Crisis and Kairos
Between Christ and Capitalism
What happened to the notion that the people who benefitted from the dance ought to pay the cost for the band?
Michael Eric Dyson—Georgetown University
Meet the Press, November 27, 2011
Dyson's "notion" is best understood as a variation on the themes of New Deal philosopher and 33rd vice president of the United States, Henry Agard Wallace. Shaped by the experience of life on an Iowan farm in the Great Depression, Wallace never forgot the agonies associated with the economic travail brought to daily life during the era of scarcity and uncertainty. When appointed to Franklin Delano Roosevelt's cabinet as Secretary of Agriculture, he framed his political philosophy in theological terms and intentionally sought to fuse the social aspects of Holy Scripture to the political ingredients of the New Deal.
Writing in The Christian Century in 1936, he stated "the uniqueness of Jesus lay in the fact that he enjoyed an unbroken awareness of life in all its vividness." His purposive portrayal of the incarnation of Jesus Christ as an endless search for joy that "proposed for the establishment of a lasting happiness among men" was a radical departure from orthodox Christian theology. For Wallace, the Kingdom of Heaven was to be realized on earth via evolutionary public policies that sought to eradicate the perils of life on planet Earth. As he stated in a speech in Richmond Virginia on May 22, 1935, "the Sermon on the Mount has been regarded as a spiritual law, and I am now inclined to think that it is an economic law, too."

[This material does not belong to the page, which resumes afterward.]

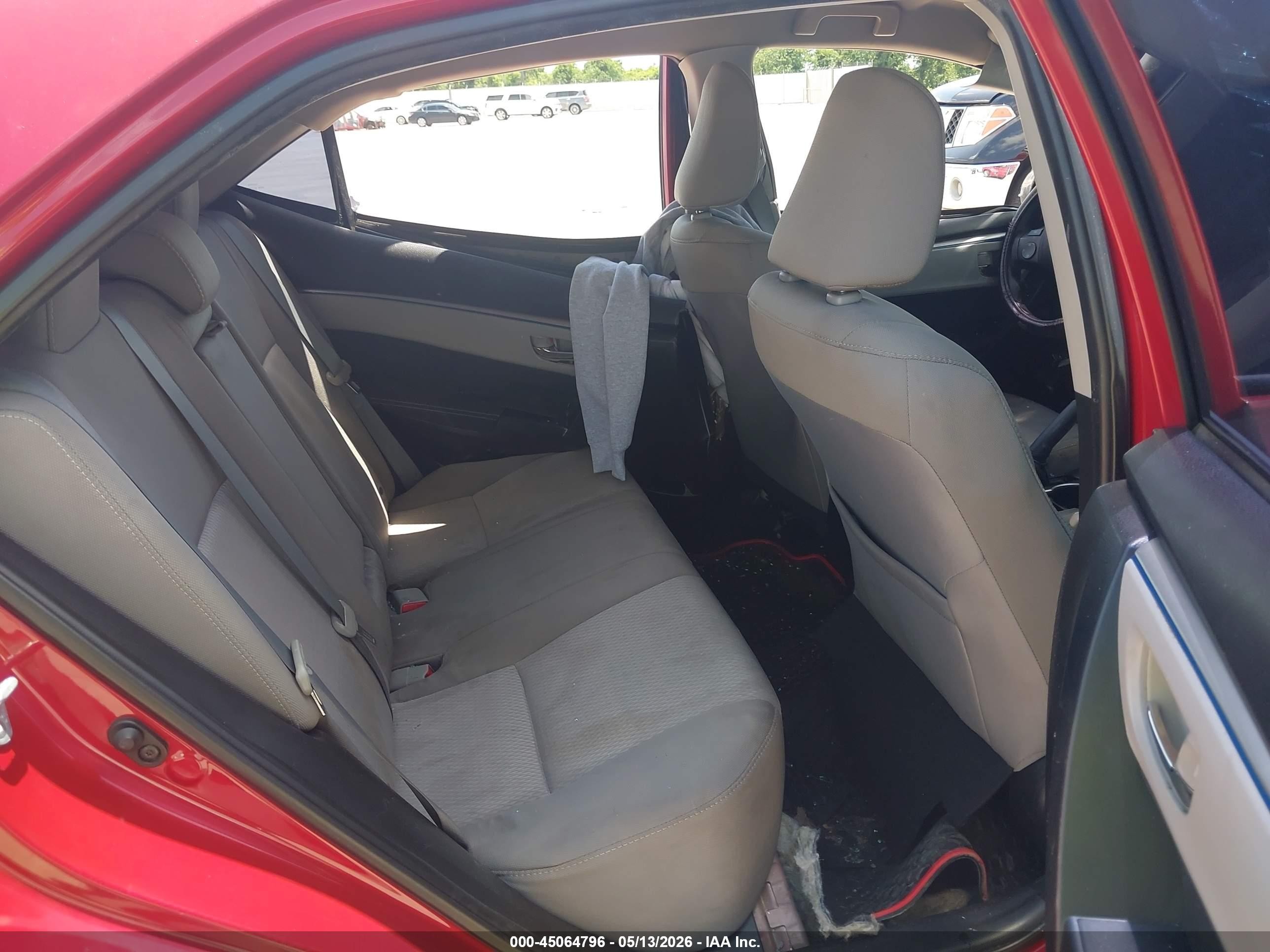 2015 Toyota Corolla Le Red vin: 5YFBURHE8FP300126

This new economic law, however, was grounded on a new system of biblical interpretation that sought an economics of abundance in contrast to an economic scarcity brought about by capitalism. The Wallace doctrine aimed for a virtuous economy where new social machinery would be supported by a "new and truly catholic religion." Mirroring much of the talk of the modern era, Wallace desired to return to the Early Church and shed the capitalistic corruptions inspired by the Reformation and Puritanism.

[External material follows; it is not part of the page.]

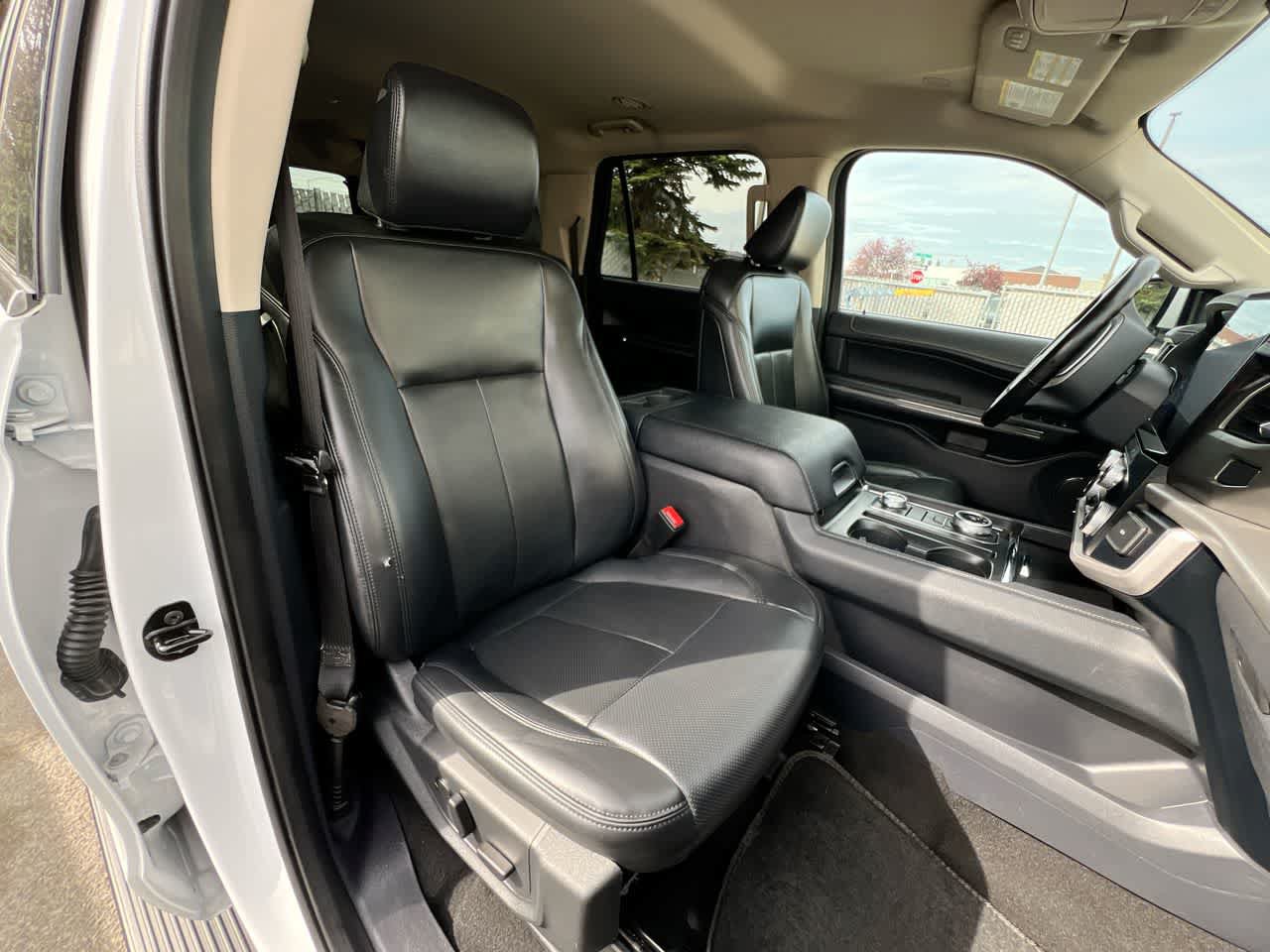 Used 2024 Ford Expedition Max XLT AWD/4WD image 28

His 1934 book, Statesmanship and Religion, set forth a thoroughgoing reorientation of Christian doctrine so that human beings were no longer sinners in the sense of rebellious offenders against a sovereign and righteous God. Rather, they were sinners insofar as they robbed their fellow men of economic opportunity and prosperity. Wallace found intolerable the obviously unequal results achieved amidst the harsh and unforgiving forces of life. In a democracy where the power and leverage of government was available to redirect and determine economic activity, only the expansion of governmental powers, he believed, could prevent another Great Depression.
In like manner, Dyson articulates a modern version of Wallace's spiritual progressivism. An ordained Baptist minister educated at a Southern Baptist institution and later at Princeton University, he sees the modern expansion of government power as a theologically motivated requirement for economic recovery. Describing the current political climate in terms of "the politics of heartlessness and lack of compassion," he repeats the modern mantra of the perennial problem of how best to care for the poor. Post-New-Deal thought on the matter resounds with government intervention as the only viable policy for long-term relief.